As it was Europeans, the leaders of transnationalist progressivism (Peres called on Israelis to take up an 'ultranational' identity) who designed the peace processes, it follows that the system they designed not only fails to moderate the revolutionaries but further enhances the ability to achieve their goals by providing them with a secure physical base and a hapless population. Indeed, the divergence between American and European attitude towards terrorism, I noted in my previous article, reflects divergence between liberal democrats and transnational progressives.

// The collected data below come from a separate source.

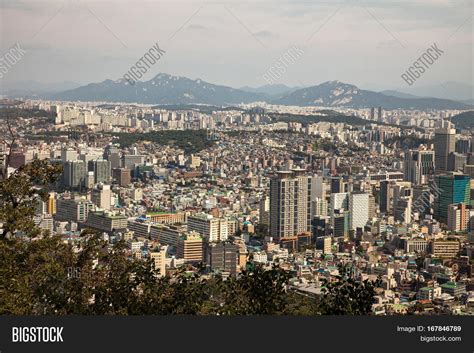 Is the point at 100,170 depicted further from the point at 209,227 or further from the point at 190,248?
the point at 190,248

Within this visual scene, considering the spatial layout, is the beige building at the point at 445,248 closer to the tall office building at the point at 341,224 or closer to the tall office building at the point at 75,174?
the tall office building at the point at 341,224

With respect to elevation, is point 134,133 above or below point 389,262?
above

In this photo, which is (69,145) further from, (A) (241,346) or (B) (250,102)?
(A) (241,346)

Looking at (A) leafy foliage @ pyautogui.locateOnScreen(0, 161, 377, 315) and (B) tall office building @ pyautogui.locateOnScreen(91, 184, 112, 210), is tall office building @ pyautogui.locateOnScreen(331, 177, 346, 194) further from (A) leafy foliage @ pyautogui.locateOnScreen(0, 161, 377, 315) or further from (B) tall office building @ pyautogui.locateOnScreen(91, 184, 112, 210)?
(A) leafy foliage @ pyautogui.locateOnScreen(0, 161, 377, 315)

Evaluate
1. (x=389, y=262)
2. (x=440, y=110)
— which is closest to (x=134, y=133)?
(x=440, y=110)

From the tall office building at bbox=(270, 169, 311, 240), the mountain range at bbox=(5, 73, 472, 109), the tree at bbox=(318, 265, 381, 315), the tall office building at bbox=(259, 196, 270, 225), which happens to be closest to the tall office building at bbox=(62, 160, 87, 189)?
the mountain range at bbox=(5, 73, 472, 109)

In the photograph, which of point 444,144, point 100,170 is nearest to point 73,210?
point 100,170

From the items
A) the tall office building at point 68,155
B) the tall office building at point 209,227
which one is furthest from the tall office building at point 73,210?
the tall office building at point 68,155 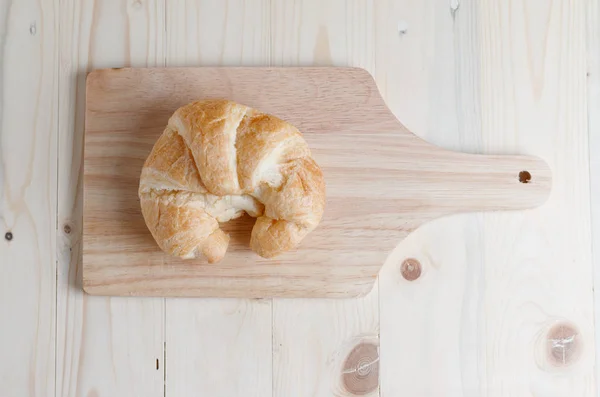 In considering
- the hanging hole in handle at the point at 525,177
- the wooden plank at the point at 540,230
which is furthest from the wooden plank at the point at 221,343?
the hanging hole in handle at the point at 525,177

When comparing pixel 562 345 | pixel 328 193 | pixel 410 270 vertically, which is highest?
pixel 328 193

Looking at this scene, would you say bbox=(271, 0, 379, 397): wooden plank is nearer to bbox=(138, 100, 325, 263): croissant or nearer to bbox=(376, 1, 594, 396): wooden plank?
bbox=(376, 1, 594, 396): wooden plank

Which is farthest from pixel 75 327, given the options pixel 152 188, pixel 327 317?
pixel 327 317

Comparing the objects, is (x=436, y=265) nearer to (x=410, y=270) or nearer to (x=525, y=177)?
(x=410, y=270)

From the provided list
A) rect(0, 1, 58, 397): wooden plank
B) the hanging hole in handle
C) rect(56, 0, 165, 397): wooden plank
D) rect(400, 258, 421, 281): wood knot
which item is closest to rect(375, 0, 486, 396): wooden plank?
rect(400, 258, 421, 281): wood knot

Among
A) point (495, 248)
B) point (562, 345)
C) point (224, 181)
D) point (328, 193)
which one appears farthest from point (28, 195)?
point (562, 345)

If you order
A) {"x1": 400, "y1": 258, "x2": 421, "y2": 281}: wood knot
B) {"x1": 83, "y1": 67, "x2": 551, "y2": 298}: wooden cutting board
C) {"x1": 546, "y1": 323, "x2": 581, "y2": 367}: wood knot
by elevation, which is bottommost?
{"x1": 546, "y1": 323, "x2": 581, "y2": 367}: wood knot

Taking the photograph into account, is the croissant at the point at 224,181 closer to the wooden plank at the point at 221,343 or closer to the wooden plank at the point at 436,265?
the wooden plank at the point at 221,343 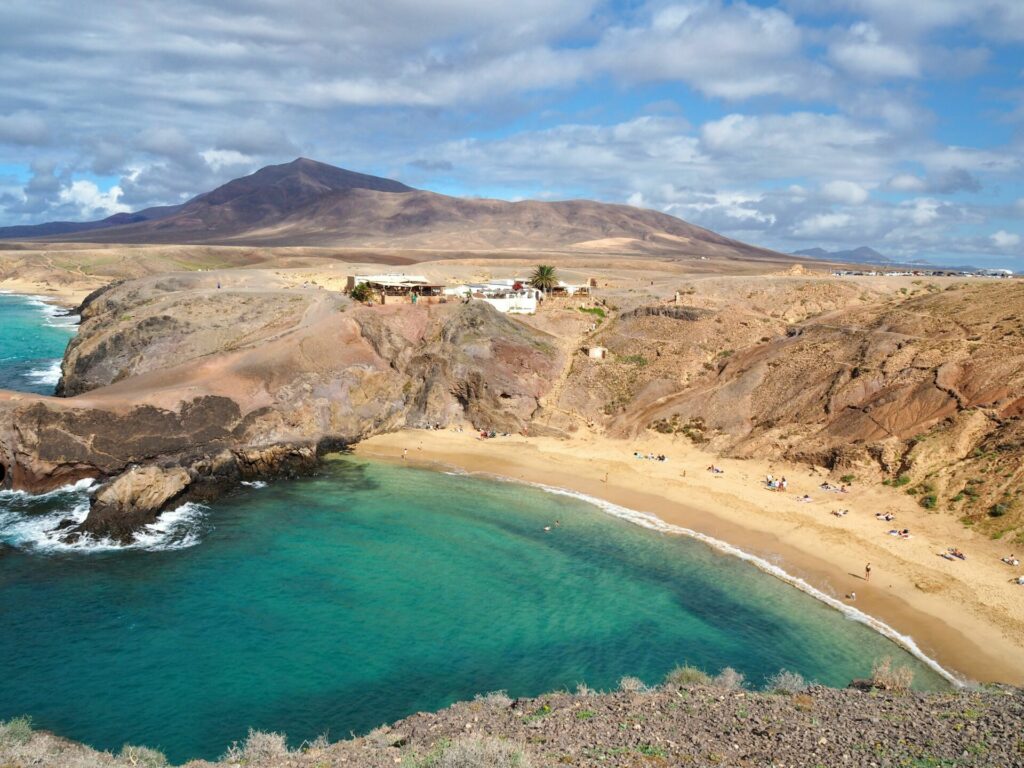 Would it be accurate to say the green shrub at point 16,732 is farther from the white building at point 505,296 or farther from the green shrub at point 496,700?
the white building at point 505,296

Be that as it may, a peace process will only moderate belligerent elites when the moderate center is given significant leverage over them. Hence, an electoral democracy in which the representatives of the people control the purse strings is not a luxury but an essential requirement for the achievement of peace.

Sharansky is right. The international community should help Palestinians develop democratic institutions before Israel embarks on new peace talks. As the most articulate Palestinian spokesperson, Dr. Hanan Ashrawi, wrote in February 16, 2002 article" Palestinian Elections: Why, When, Where, Who?" (www.miftah.org):"As an internal requirement for the reinforcement of democracy and democratic practice, as well as for strengthening the internal front, empowering and guiding decision-making process, carrying out the necessary institutional and economic reform, sustaining a genuine separation of powers, and ensuring both efficiency and accountability in the public sector, the Palestinian people on the whole have been demanding elections for a long time."

It is in the interest of all peace loving people to support their demand. Moreover, to further empower the Palestinian people all international financial aid should be directed towards long-term investment in the economic infrastructure of the territories. Ongoing governmental expenditures should be internally generated. It is time to place the Palestinian people in charge of their own fate.